There is also a link to his other historical series:

Links and Downloads Manager - Educational Links - History of the Reformation in Europe in the time of Calvin -- J.H.M. d'Aubigné - The PuritanBoard


----------



## kvanlaan (Dec 24, 2008)

I pre-ordered it through the Reformation bookstore - haven't yet read it, but I'm looking forward to it!


----------



## BertMulder (Dec 24, 2008)

I have ordered it as well, although I have my doubts it is the whole work. I already possess both his series, History of the Reformation in the 16th century, and the History of the Reformation in the time of Calvin, altogether about 8 volumes (Sprinkle Publications) - so over a foot of books in the bookcase.

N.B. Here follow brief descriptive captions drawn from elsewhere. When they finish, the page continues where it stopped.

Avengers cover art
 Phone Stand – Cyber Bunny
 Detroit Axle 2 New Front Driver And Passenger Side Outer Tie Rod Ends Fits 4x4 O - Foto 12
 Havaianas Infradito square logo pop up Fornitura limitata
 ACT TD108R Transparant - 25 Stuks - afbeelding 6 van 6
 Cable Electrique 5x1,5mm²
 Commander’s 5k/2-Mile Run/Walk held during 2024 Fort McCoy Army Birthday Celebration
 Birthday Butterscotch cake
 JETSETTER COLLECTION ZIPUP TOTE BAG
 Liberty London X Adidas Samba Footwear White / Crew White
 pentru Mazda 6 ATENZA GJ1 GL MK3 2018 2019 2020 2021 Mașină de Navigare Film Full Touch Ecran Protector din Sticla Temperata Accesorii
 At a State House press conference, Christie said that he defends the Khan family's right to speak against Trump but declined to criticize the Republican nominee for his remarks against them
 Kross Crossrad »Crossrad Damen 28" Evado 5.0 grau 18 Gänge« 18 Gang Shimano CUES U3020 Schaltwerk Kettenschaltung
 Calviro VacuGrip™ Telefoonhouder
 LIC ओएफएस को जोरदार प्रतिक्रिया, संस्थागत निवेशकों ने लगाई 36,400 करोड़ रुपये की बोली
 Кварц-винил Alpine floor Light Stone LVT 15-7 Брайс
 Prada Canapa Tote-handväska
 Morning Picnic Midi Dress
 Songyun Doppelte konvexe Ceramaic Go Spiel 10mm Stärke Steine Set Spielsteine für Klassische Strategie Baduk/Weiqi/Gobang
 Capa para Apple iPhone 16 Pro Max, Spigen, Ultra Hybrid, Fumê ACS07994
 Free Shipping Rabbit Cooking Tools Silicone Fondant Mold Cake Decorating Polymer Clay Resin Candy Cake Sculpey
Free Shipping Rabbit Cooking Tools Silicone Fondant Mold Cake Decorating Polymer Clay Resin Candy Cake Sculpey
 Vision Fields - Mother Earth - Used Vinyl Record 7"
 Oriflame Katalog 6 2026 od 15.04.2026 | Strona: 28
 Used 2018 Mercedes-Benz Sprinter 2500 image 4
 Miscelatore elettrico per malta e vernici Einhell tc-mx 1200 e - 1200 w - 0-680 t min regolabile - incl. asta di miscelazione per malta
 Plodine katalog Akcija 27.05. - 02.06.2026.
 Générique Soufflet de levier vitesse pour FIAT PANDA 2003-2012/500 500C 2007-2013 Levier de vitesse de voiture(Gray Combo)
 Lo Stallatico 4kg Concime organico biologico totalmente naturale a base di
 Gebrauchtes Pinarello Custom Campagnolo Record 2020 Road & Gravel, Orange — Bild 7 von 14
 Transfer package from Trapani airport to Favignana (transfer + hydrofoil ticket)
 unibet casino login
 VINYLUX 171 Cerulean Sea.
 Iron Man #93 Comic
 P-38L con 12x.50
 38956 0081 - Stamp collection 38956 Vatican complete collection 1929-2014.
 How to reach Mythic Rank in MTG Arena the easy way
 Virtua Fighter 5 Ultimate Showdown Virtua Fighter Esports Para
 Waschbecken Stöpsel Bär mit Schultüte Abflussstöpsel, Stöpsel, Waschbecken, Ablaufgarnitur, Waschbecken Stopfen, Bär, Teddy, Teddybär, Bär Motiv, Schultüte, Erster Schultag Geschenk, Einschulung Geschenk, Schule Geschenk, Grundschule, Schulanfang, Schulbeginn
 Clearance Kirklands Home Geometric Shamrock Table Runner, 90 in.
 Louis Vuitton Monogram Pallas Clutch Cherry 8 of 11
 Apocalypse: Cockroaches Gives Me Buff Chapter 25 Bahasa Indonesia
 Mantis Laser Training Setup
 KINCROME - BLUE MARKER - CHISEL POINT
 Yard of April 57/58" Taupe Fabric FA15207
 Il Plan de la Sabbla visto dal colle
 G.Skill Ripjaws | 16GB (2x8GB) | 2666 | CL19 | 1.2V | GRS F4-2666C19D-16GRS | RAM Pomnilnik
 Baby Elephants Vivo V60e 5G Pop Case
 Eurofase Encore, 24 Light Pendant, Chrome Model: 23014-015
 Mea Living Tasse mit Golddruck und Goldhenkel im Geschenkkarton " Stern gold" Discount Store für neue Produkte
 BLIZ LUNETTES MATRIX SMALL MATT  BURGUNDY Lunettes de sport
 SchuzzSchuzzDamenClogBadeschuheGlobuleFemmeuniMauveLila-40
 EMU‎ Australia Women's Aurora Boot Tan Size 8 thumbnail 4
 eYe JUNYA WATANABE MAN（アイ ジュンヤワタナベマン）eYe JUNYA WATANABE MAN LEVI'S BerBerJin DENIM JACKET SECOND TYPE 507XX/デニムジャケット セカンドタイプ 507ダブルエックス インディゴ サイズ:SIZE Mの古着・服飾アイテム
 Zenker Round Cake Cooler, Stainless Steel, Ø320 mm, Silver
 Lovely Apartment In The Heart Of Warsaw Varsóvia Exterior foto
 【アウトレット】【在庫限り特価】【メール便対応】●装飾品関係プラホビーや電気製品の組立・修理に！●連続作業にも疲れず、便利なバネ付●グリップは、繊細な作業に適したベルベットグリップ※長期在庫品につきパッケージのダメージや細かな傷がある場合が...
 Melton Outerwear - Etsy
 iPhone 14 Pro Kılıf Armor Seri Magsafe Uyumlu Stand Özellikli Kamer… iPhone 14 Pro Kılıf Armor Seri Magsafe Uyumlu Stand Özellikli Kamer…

Do much enjoy his work, very thorough and detailed. Can also recommend J.A. Wylie's History of Protestantism.

Ordered this work because of the digital format included.


----------



## discipulo (Dec 24, 2008)

I have the paperback version and it's quite a small font,

and with the font type, makes it a difficult reading to the eyes.



you can take the «look inside» at amazon and see for yourself



Amazon.com: History of the Reformation of the 16th Century: J. H. Merle D'Aubigne, H. White: Books


----------



## toddpedlar (Dec 25, 2008)

BertMulder said:


> I have ordered it as well, although I have my doubts it is the whole work. I already possess both his series, History of the Reformation in the 16th century, and the History of the Reformation in the time of Calvin, altogether about 8 volumes (Sprinkle Publications) - so over a foot of books in the bookcase.
> 
> Do much enjoy his work, very thorough and detailed. Can also recommend J.A. Wylie's History of Protestantism.
> 
> Ordered this work because of the digital format included.



I think it is the full "History of the Reformation in the 16th Century", all 20 books - but that doesn't include any discussion of Calvin, which is in the longer "History of the Reformation in the Time of Calvin." The subject matter in this particular work runs from pre-reformation times, through Luther's early life, the indulgence controversy, rome, parallel developments in Switzerland, and France, Augsburg, pre-reformation England and Tyndale, etc. It really only deals with history from about 1480 to 1530 or so. It's a well made volume, double columned and small print. Nice engravings included too, and the electronic text is a plus. 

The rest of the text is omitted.